Place the other hand on the side, on your waist, or behind your head, whichever is more comfortable for you. This is your starting position. 


While keeping your back straight and the rest of your body still, slowly bend your spine to the left as far as possible. Breathe in as you do this and hold this position for 1-2 seconds.

In a controlled manner, exhale as you begin to pull your body back to the starting position, still keeping the rest of the body in a steady position.

Repeat the movement for the desired number of repetitions, and switch sides. 


  • Choose an appropriate weight that will allow you to maintain proper form throughout the exercise.  Holding too much weight can cause injuries.
  • Slightly bend your knees to keep them from locking out.
  • Remember to keep your core engaged to maximize the benefits of this exercise.


  • Increases flexibility of the spine
  • Promotes better posture
  • Helps lose love handles and define your waistline
  • Strengthens the core

Illustrated Guide

Muscles Worked

Primary Muscles

  • Obliques

Side Bend Variations

Barbell Side Bend

Barbell Side Bends target the internal and external obliques, as well as the lower back.

Place the barbell on the back of your neck while you stand up upright with your feet shoulder-width apart, and bend sideward as you would with a regular side bend.

If you are suffering from back pain, perform this exercise with caution or avoid it completely to avoid further injuries.

Stability Ball Side Bend Exercise

A stability ball allows more resistance and challenge to your regular side bend exercises.

To perform this variation, you will need to lie on the stability ball so that you’re on your side. Keep your body straight, place your arms behind your head or cross your arms on your chest, then crunch upward while engaging your obliques.

Slowly lower yourself back to the initial position and repeat for the desired number of reps. Switch sides. 

Side Bend Alternatives

Russian Twists

Russian twists are a go-to exercise for building obliques and are usually included in home, HIIT workouts and calisthenics workout routines.

The twist motion of this exercise specifically targets the direction in which the muscle fibers run within the obliques, making it one of the most effective oblique exercises you can do.
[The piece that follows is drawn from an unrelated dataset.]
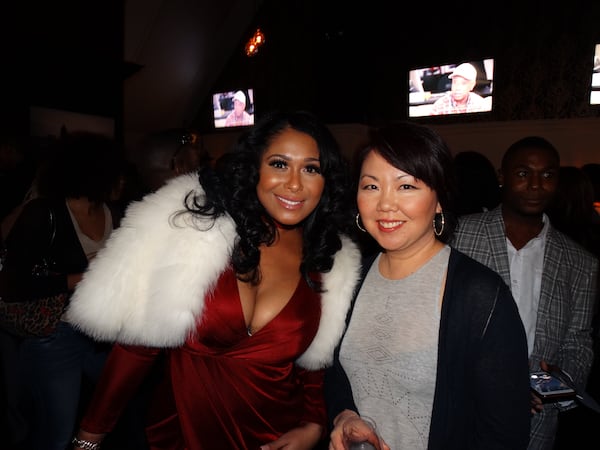 Althea Hart from "Love and Hip Hop Atlanta" and currently on WE-TV's "Marriage Boot Camp" with her fiance Benzino, who missed his flight from L.A. and couldn't make the party. That's my wife Helen on the right. CREDIT: Rodney Ho/ rho@ajc.com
Sit on a comfortable flat surface with your legs extended and lifted off the floor. Maintaining this position, twist your waist from side to side while contracting your core as hard as you can.

A good tip is to turn your shoulders – not just your head – and bring each elbow back as far as possible.

Side Bridge

Side bridges are the perfect beginner exercise for hitting your obliques, or transversus abdominis. 

Another bonus of the side bridge is that it also targets your shoulders and biceps.

Rest on your forearm (elbow bent at 90 degrees) with your body facing to the side and your feet extended and placed together. Lower your hips until they touch the floor, then bring your hips back up as high as possible, while maintaining a squeezed core.

Side Crunch

Side crunches are a popular exercise for people who want to get rid of their love handles because of their effectiveness in targeting internal and external obliques.

To do a side crunch, lie on your side with your legs straight.

With one hand extended out in front of you and the other on the side of your head, crunch your obliques down and tuck your knees up so that your elbow and knees meet in line with your waist, before returning to the starting position.